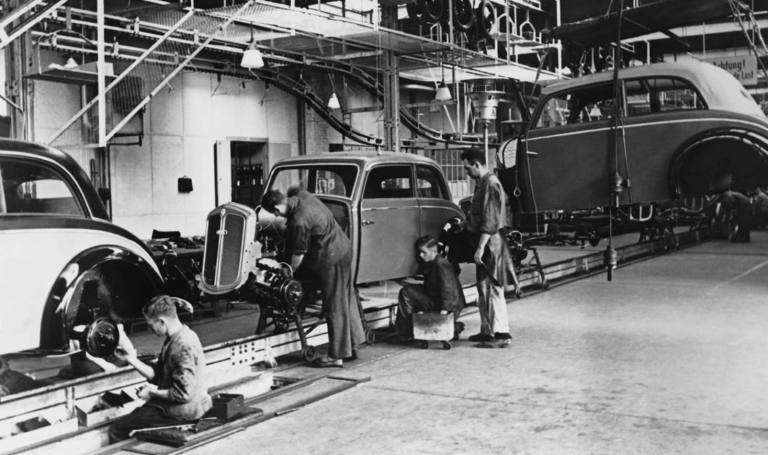 Fewer Cars Produced Last Month by British Factories Than in Any July Since 1956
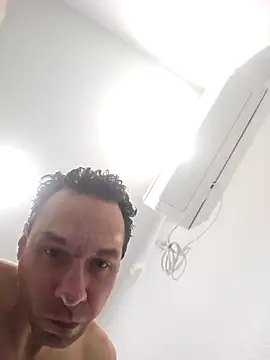 Snapshot of Iliketocooksquirt25 chatting on 02.10.26 Iliketocooksquirt25 online show from 02.10.26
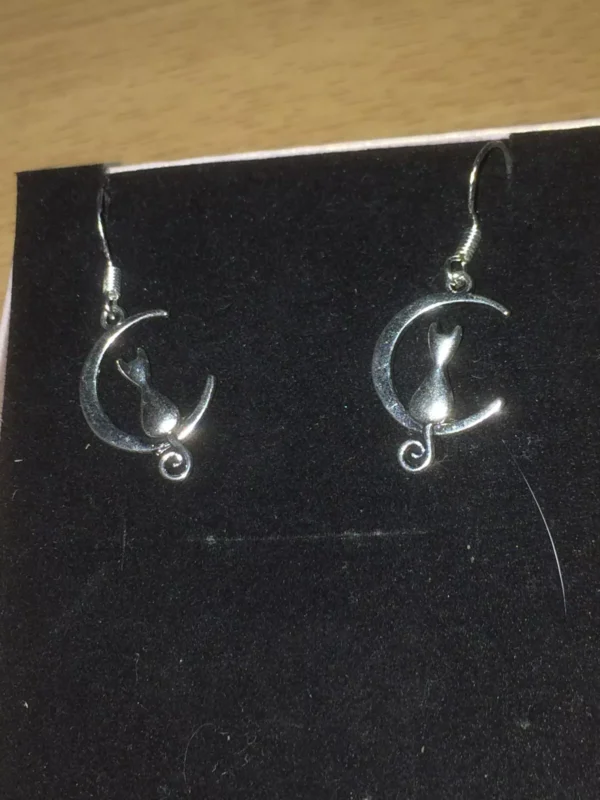 Stylish Girls/Womens Fine 925 Sterling Silver Cat And Moon Dangling Earrings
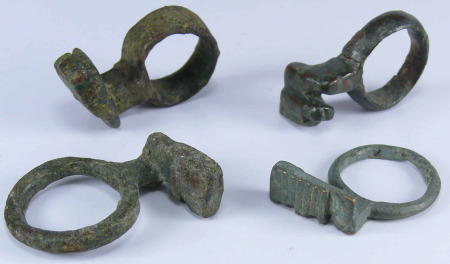 Romain - Lot de 4 clefs en bronze - 1er-4ème siècle ap. J.-C.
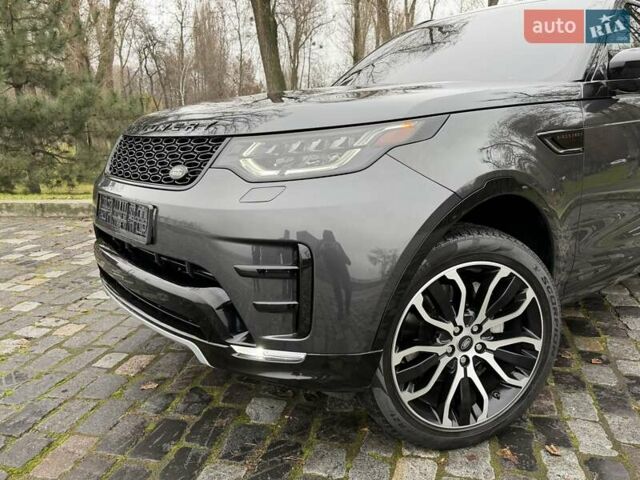 Сірий Ленд Ровер Діскавері, об'ємом двигуна 3 л та пробігом 105 тис. км за 29555 $, фото 5 на Automoto.ua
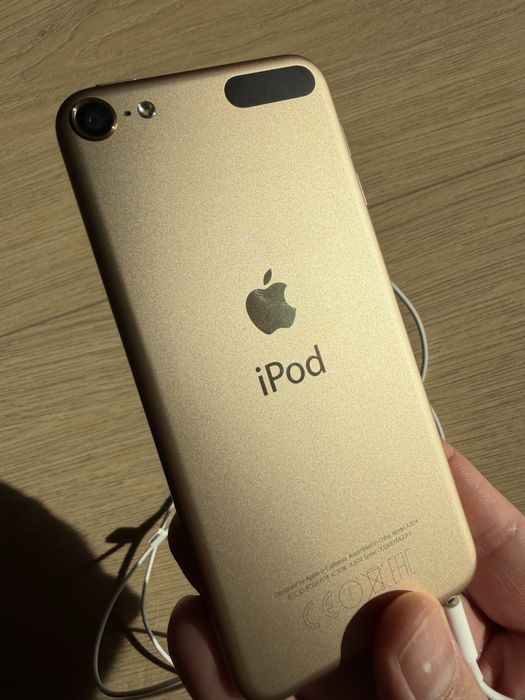 iPod 6th gen 32 gb ze słuchawkami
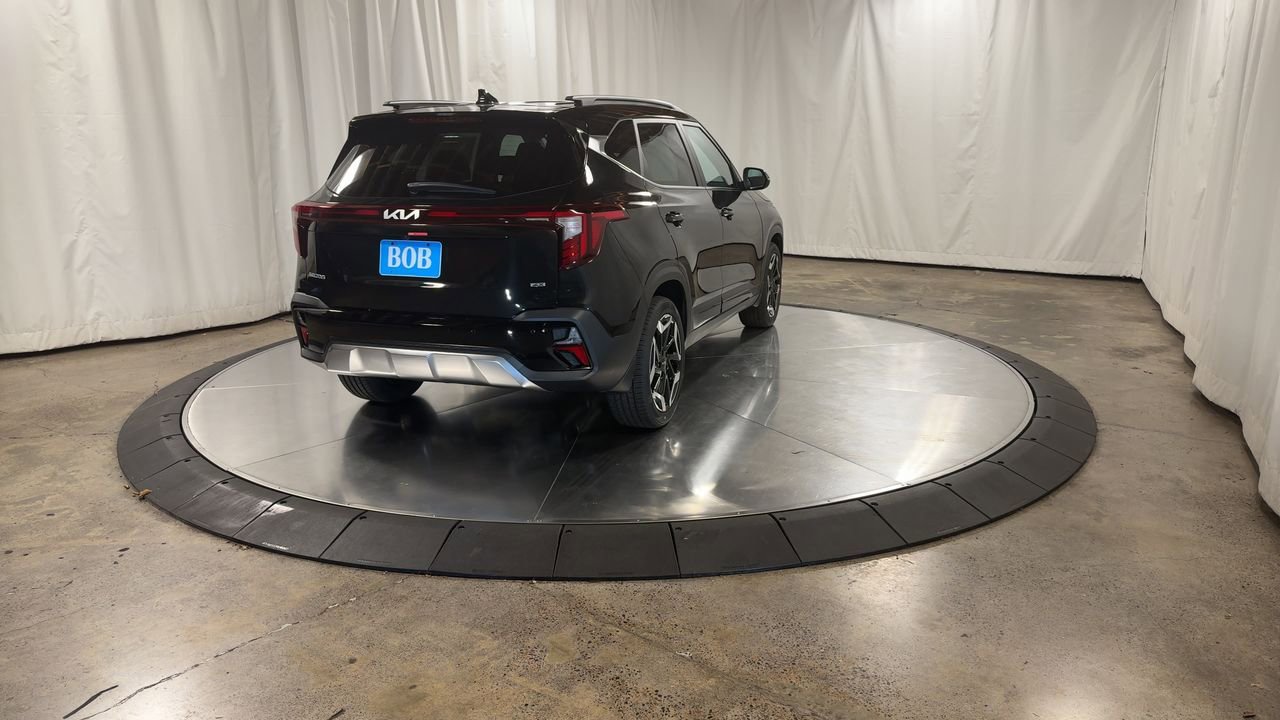 New 2026 Kia Seltos SX image 9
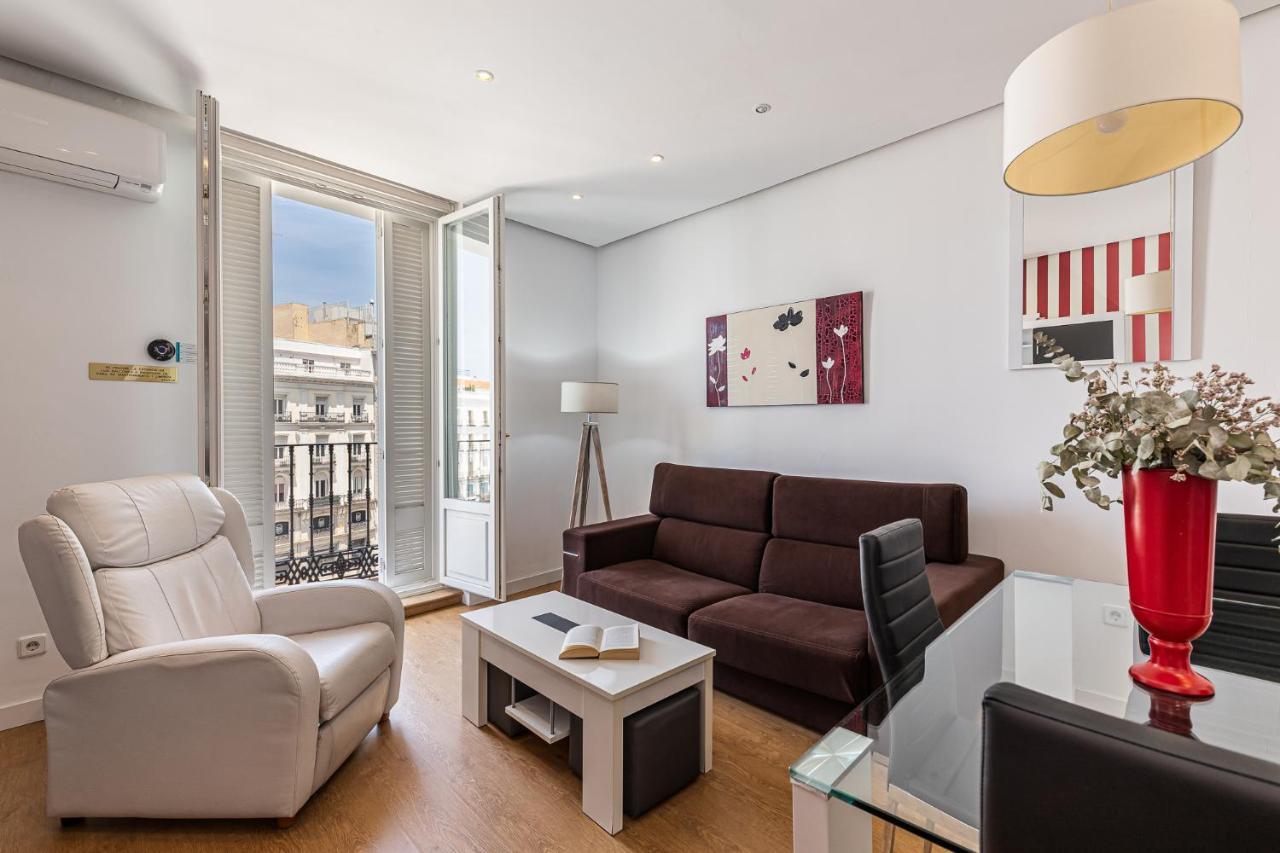 Waou Apartamentos En Sol Superior 2 Madrid Exteriör bild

What the task asks → Copy exactly the lines from the one containing "Snapshot of Iliketocooksquirt25" through the final line of the records above, both included, and leave out any pictures.

Solution for this exercise →
 Snapshot of Iliketocooksquirt25 chatting on 02.10.26 Iliketocooksquirt25 online show from 02.10.26
 Stylish Girls/Womens Fine 925 Sterling Silver Cat And Moon Dangling Earrings
 Romain - Lot de 4 clefs en bronze - 1er-4ème siècle ap. J.-C.
 Сірий Ленд Ровер Діскавері, об'ємом двигуна 3 л та пробігом 105 тис. км за 29555 $, фото 5 на Automoto.ua
 iPod 6th gen 32 gb ze słuchawkami
 New 2026 Kia Seltos SX image 9
 Waou Apartamentos En Sol Superior 2 Madrid Exteriör bild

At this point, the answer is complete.